[Exercise objective] Your reply should consist only of the lines from the one with "Aaron Judge from" through the end of the entries, transcribed exactly. Pictures stay out.

[Captioned web images]
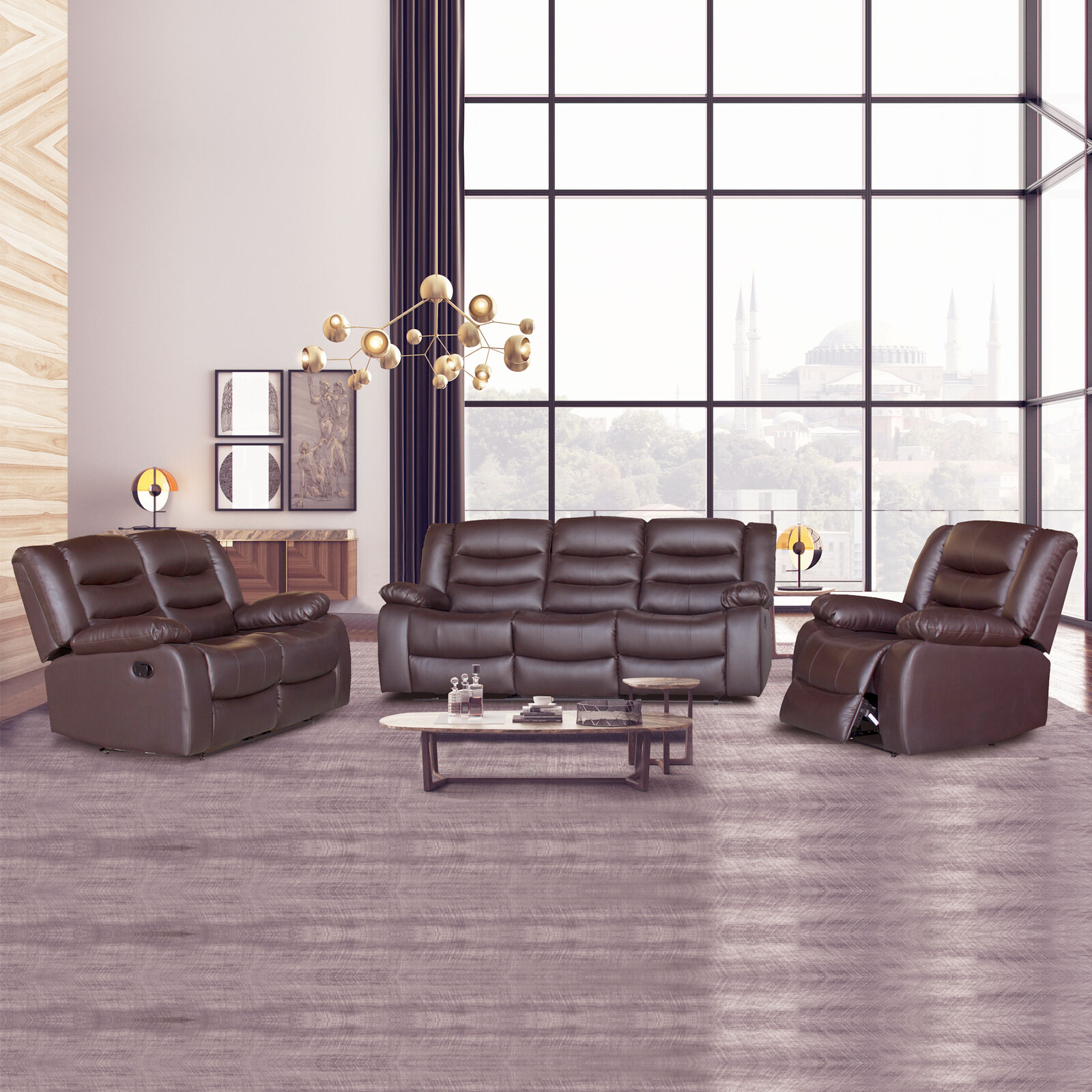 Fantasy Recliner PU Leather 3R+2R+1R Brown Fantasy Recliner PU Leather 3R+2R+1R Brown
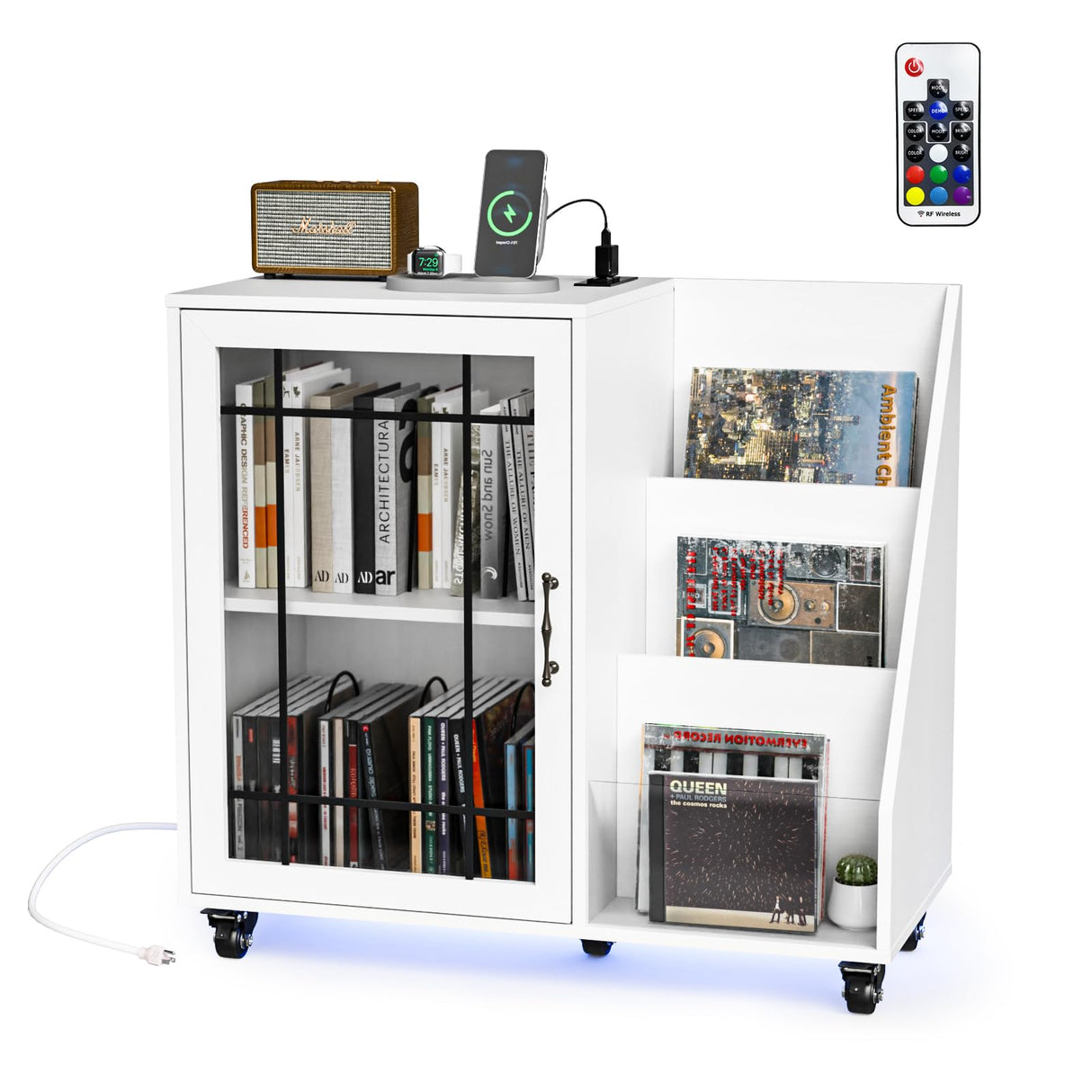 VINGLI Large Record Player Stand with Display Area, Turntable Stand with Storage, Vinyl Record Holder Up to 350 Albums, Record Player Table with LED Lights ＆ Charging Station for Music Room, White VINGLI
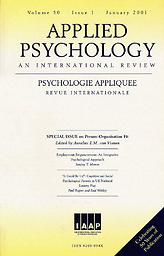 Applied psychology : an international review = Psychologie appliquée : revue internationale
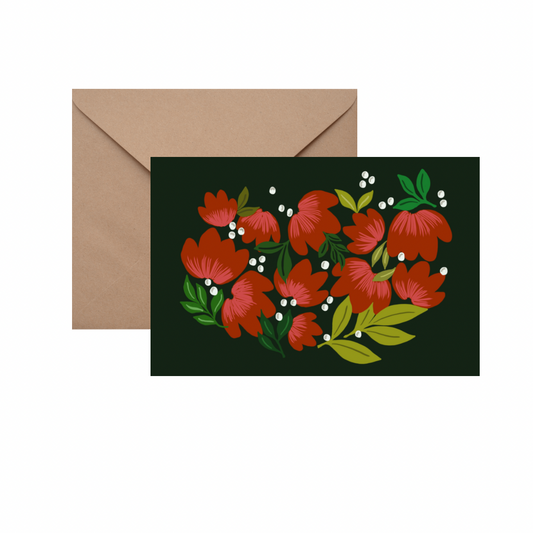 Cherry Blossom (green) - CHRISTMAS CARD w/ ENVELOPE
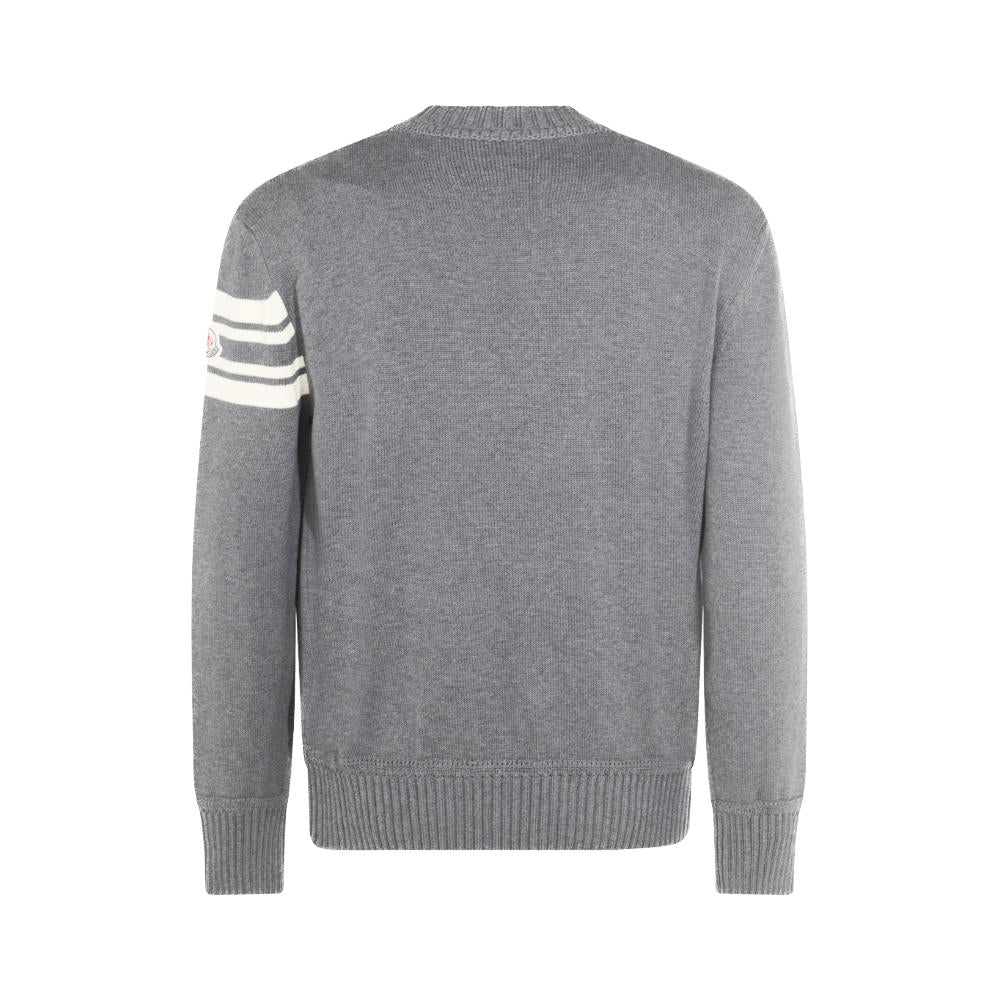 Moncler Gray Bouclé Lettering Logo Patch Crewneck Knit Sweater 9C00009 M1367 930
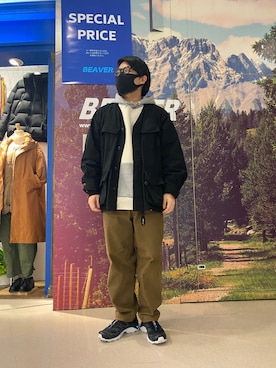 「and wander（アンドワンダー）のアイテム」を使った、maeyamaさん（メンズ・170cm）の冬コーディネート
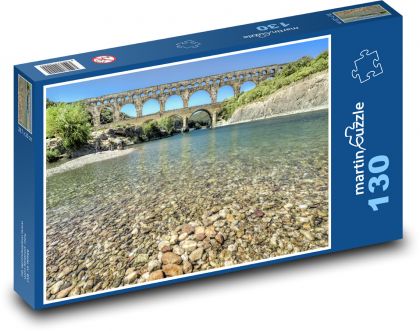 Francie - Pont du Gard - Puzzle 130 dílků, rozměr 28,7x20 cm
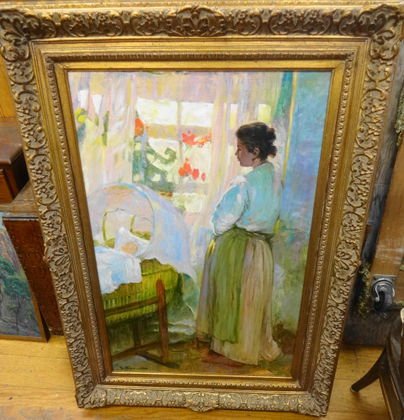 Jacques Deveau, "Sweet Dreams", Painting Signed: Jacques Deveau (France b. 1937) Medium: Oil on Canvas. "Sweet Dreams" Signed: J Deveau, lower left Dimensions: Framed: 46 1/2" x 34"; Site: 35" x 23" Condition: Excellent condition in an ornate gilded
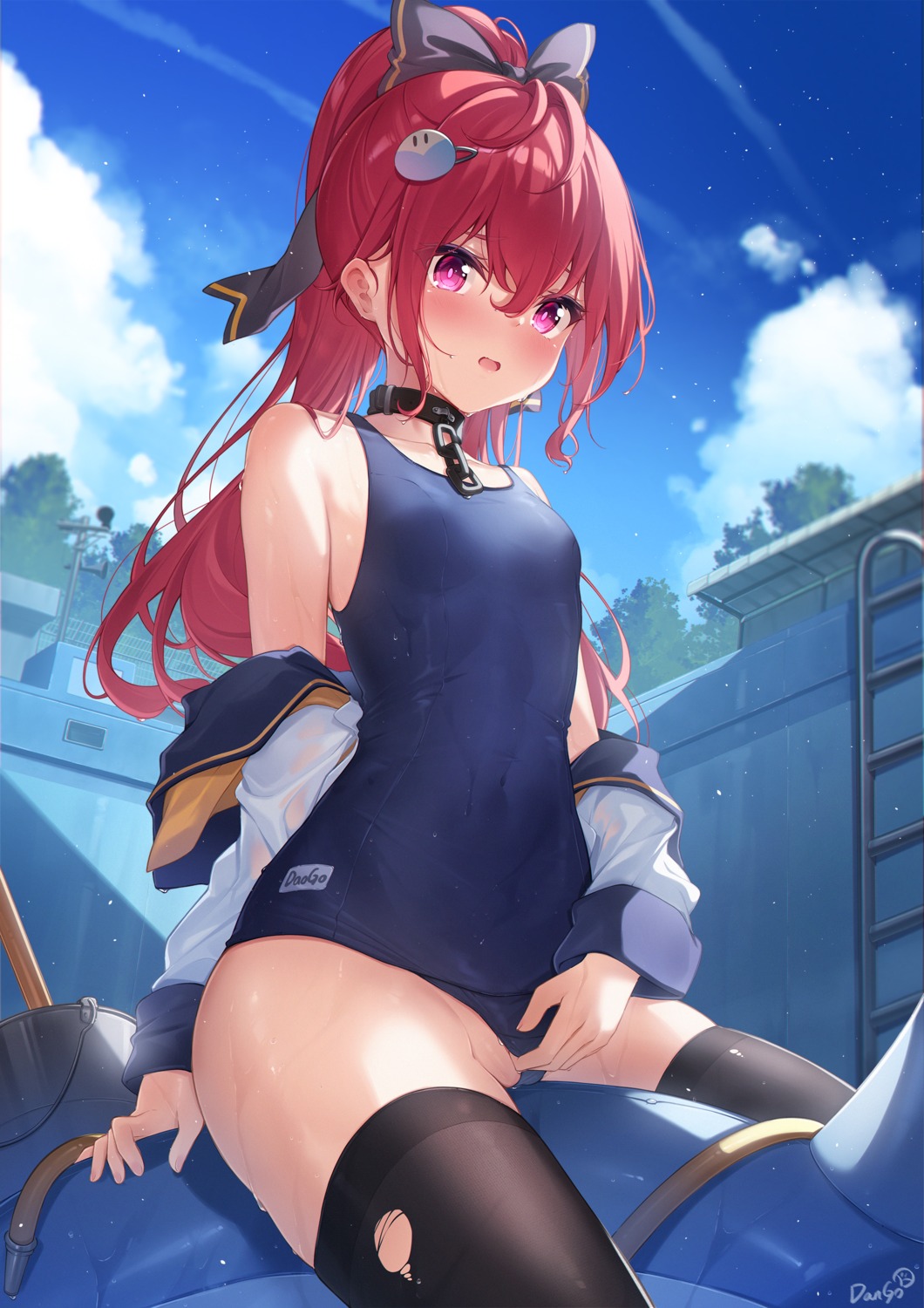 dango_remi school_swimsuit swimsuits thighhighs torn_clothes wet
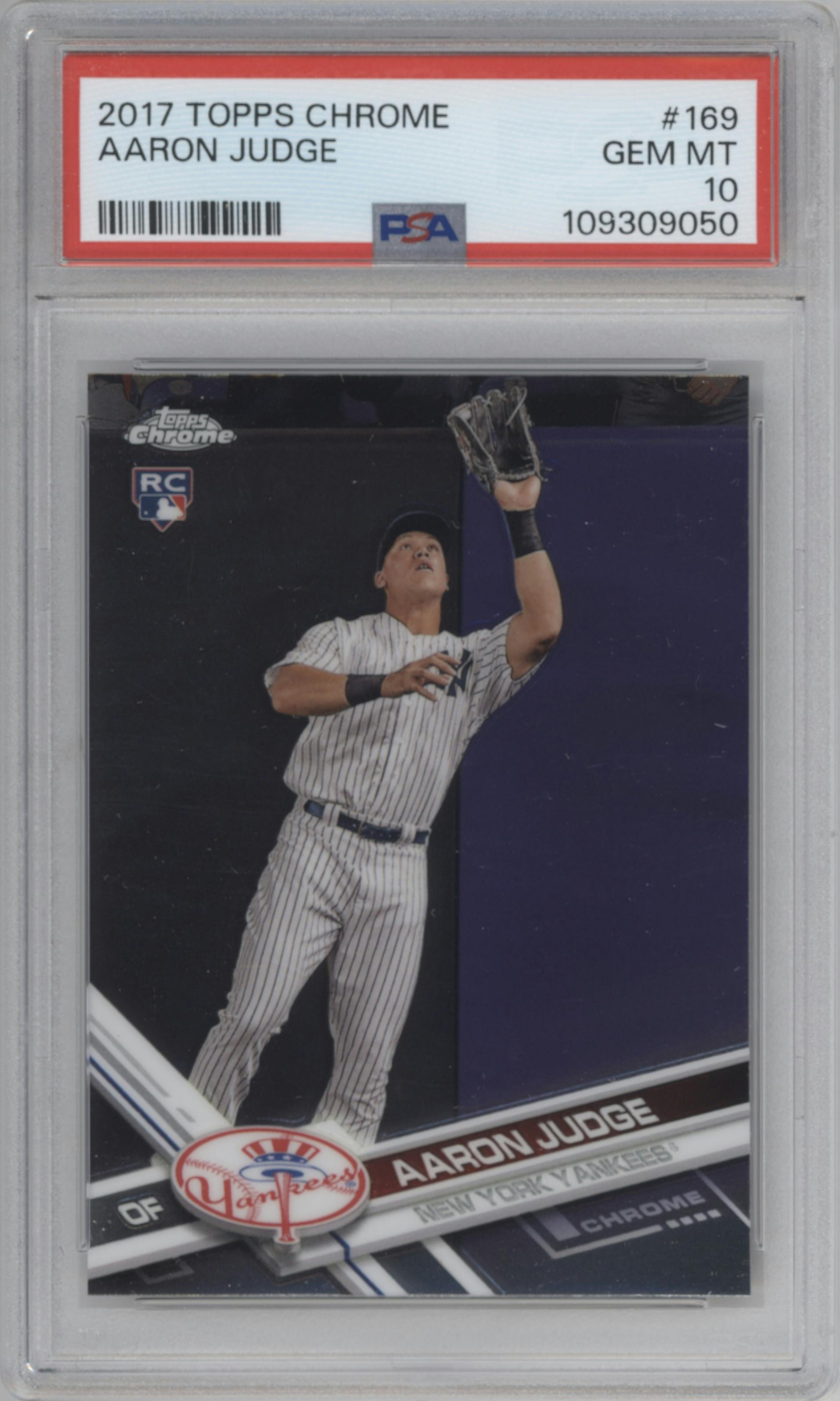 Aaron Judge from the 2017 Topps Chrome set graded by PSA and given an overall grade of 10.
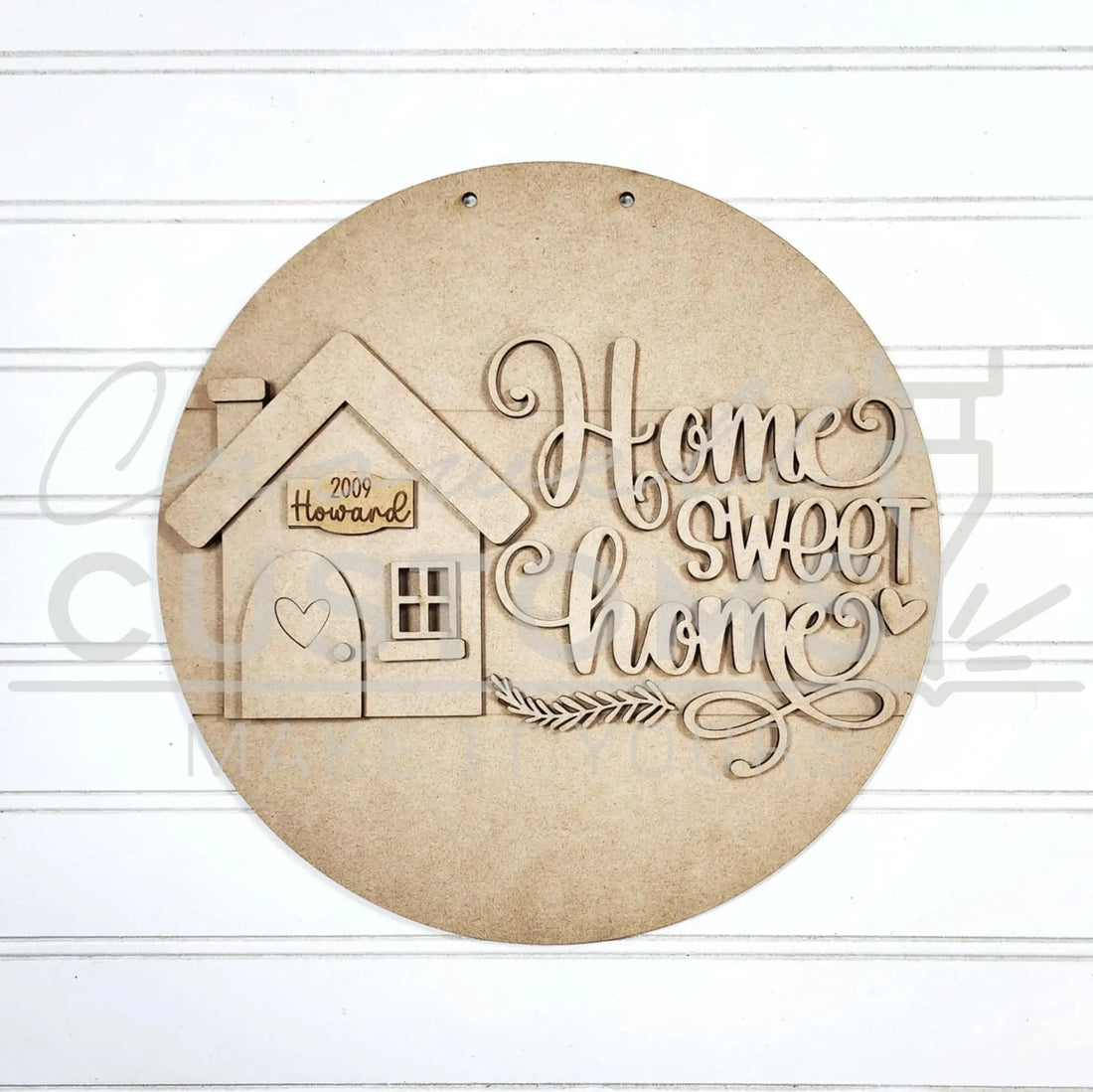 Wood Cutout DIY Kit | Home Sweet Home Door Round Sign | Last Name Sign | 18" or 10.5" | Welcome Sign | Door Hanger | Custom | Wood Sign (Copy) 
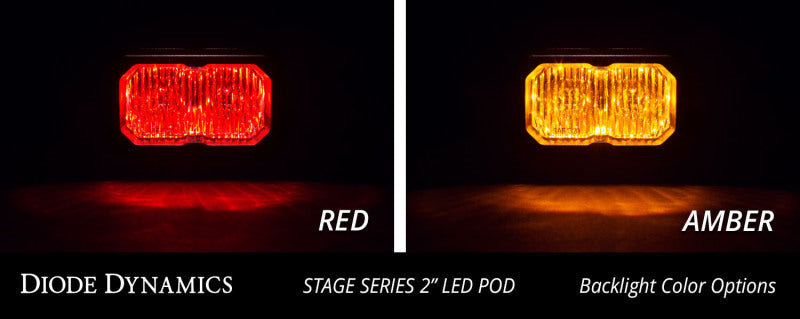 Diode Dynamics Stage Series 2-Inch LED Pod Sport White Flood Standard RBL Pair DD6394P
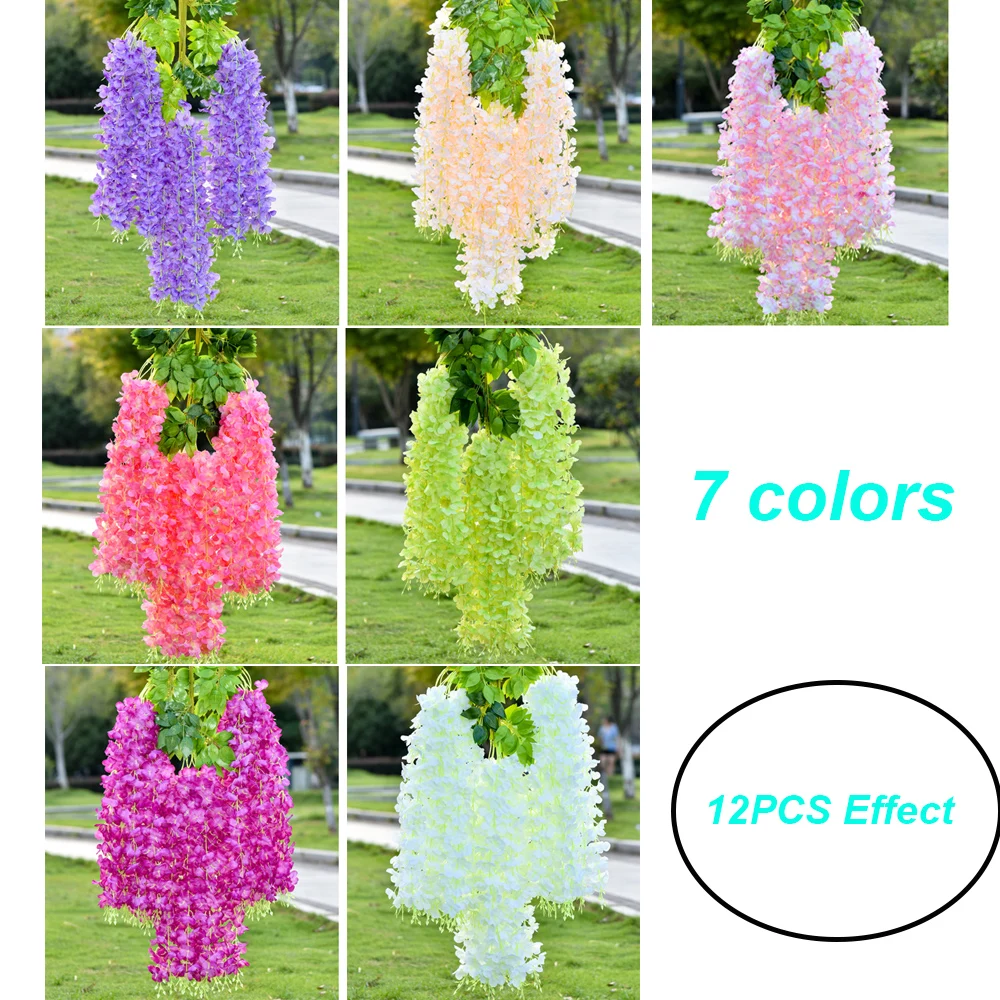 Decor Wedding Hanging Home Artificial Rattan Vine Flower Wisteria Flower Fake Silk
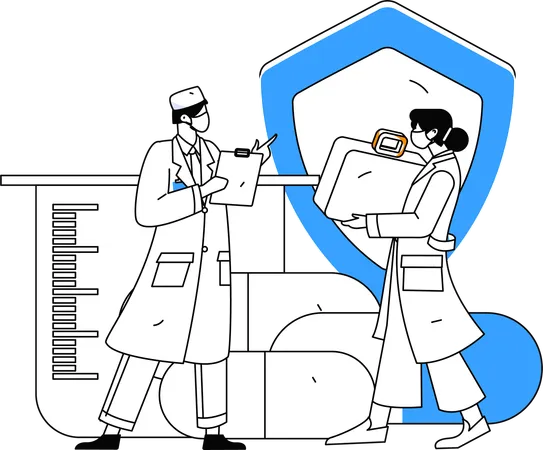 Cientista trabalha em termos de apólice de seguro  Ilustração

[Response below]
 Aaron Judge from the 2017 Topps Chrome set graded by PSA and given an overall grade of 10.
 Wood Cutout DIY Kit | Home Sweet Home Door Round Sign | Last Name Sign | 18" or 10.5" | Welcome Sign | Door Hanger | Custom | Wood Sign (Copy) 
 Diode Dynamics Stage Series 2-Inch LED Pod Sport White Flood Standard RBL Pair DD6394P
 Decor Wedding Hanging Home Artificial Rattan Vine Flower Wisteria Flower Fake Silk
 Cientista trabalha em termos de apólice de seguro  Ilustração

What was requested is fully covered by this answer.